“It’s for kids.” Three words comprising one of the foulest excuses for lacking quality in the entertainment industry.
It’s only natural that entertainment designed for
the younger and less wise contain less potential complexity than a story aimed
at audiences with a full grasp on the pleasures and difficulties that life and
society can offer but at the end of the day, bad is bad. Regardless of whomever
your audience was meant to be or how discerning they are, there’s a difference
between run of the mill and poor.
None face subjugation to the excuse of demographics
more than children’s animation, making the animated movies that do receive a
substantial critical backlash all the more noteworthy.

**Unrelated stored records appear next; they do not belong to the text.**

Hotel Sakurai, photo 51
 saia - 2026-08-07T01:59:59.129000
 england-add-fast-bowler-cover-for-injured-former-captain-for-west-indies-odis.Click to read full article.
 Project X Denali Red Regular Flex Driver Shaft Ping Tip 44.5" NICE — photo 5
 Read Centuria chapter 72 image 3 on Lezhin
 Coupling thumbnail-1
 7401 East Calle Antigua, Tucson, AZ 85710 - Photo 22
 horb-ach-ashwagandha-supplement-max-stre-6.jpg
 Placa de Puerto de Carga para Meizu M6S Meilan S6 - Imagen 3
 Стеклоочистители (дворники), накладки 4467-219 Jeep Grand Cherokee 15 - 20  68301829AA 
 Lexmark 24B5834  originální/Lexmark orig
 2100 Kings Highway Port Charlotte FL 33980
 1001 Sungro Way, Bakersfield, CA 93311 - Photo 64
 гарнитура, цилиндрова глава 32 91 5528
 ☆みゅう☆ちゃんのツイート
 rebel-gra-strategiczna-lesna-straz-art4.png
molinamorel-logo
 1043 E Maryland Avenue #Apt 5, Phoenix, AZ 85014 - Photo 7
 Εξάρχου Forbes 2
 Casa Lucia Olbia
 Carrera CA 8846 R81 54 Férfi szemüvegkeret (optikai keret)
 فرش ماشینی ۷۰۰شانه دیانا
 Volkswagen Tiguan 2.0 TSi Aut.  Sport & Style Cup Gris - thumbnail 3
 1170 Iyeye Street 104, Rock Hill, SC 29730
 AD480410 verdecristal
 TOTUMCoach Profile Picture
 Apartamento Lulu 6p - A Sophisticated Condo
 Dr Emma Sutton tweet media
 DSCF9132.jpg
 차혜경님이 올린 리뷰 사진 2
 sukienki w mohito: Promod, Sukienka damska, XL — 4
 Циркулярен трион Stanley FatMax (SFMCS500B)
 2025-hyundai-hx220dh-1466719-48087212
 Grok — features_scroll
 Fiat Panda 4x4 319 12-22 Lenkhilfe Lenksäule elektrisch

2014 may have been a better year for animation than
the last couple of years but a few exemplary lazy productions have stood out
from others. Of these films is the story of a squirrel’s desire to rob a nut shop,
a business so oddly specific that I had to Google the concept to see if it was
a real thing, in order to provide himself with enough food for the winter while
learning to get along with the suburban community of animals that have
ostracized his drive for independent action.
There’s almost nothing that can really be said about
“The Nut Job” that its marketing hasn’t done already. Of this movie’s many
flaws, dishonesty is not one of them.
Half baked story with forced last minute character
development to put up the veneer of having a moral? Check. Pointless celebrity
voice cast? Double check. Animation direction emphasizing quick camera cutting
and high energy emotions lacking in subtlety? Triple check. Add in the half
baked rendering on the final animations that make the CG models look like some
sort of awkward, shiny, artificial figurines and the pushing of a pop song
whose shelf life expired over a year before its initial release, and you have a
movie that is probably more of an unintentional parody of modern mainstream western
animated films than the “Madagascar” franchise.
It’s cheap, pedestrian, and forgettable, which is
probably the nicest thing that I can say about it.
The only thing that’s
particularly notably bad about it beyond its lack of ambition is that it is apparently
supposed to be a 1950s-60s period piece, which bafflingly has nothing to do
with its story or presentation. Hell, I barely even picked up on it the first
time I watched it until somebody I know commented on the fact. It seems like an
odd thing to focus on but I implore you to watch the trailer, if nothing else,
and tell me if you can even remotely differentiate its setting from the modern
day. “The Nut Job” is aesthetically at war with its own
tale but the only reason this is a factor is because these aesthetics come at
play in contradictory ways later on that are entirely unnecessary.
Focusing on
this flaw is probably giving the film
more attention than it deserves though so for now I simply implore all to stay
away and hopefully, just hopefully, we can work towards making the coming its
future 2016 sequel the box office bomb
that this film deserved to be, lest we get a Korean produced “Madagascar” on
our hands for the foreseeable future.
Where “The Nut Job” is unambitiously lazy however, “Legends
of Oz: Dorothy’s Return” is one of the strangest miscalculations of animated
moviemaking that I have ever come across in my life.
With “Oz: The Great and Powerful’s” mild success, I
guess somebody wanted to jump on a predicted “Wizard of Oz” resurgence. I’m not
exactly sure if that resurgence is around the corner or not but I do have to
laugh at the notion that anybody even remotely thought that this could be a
satisfying enough to ride the bandwagon.
Watching “Legends of Oz” gave me an odd sense of Déjà
vu harkening my experience watching “The Legend of Hercules.”
Had this been a direct to video production, I can’t
help but feel I would almost be mildly praising it for going slightly beyond
the call of duty. It’s grand failing is in the fact that it somehow got a nationwide
theatrical release in a month dominated by a Spider-Man, X-Men and Godzilla
film.
Unlike “The Legend of Hercules” however, I am still struggling to this
day to erase the unpleasantness of its nonsensical storyline driven by nightmare
inducingly creepy and soulless looking character models from my memory.
Despite “The Nut Job’s” critical laziness, it was
competent enough while utilizing enough resources to look like a theatrical
release, despite failing to be a good one. “Legends of Oz” goes up in smoke the
second it starts. It’s not a good sign when the least cheap CG apparently
exists within the opening credits.
It’s an even worse sign when the film is framed as a
direct sequel to The Wizard of Oz, yet everything in Kansas, Dorothy’s dress
style included, belongs aesthetically within the last decade. Right from the get
go, the movie looks insultingly cheap and can’t even keep its own mythology
straight on either end of the story.
In a twisted way, I would almost recommend it. It’s
not every day you come across one of the biggest box-office flops of recent
history so even the few audience members that knew of the film could tell that
something rotten was afoot. Assuming you can bear the nightmarish thought of
strolling through the uncanny valley, I can’t deny how fascinated I was with
getting to the bottom of how something with such little thought and effort
could have possibly seen release in over 2500 theaters across America.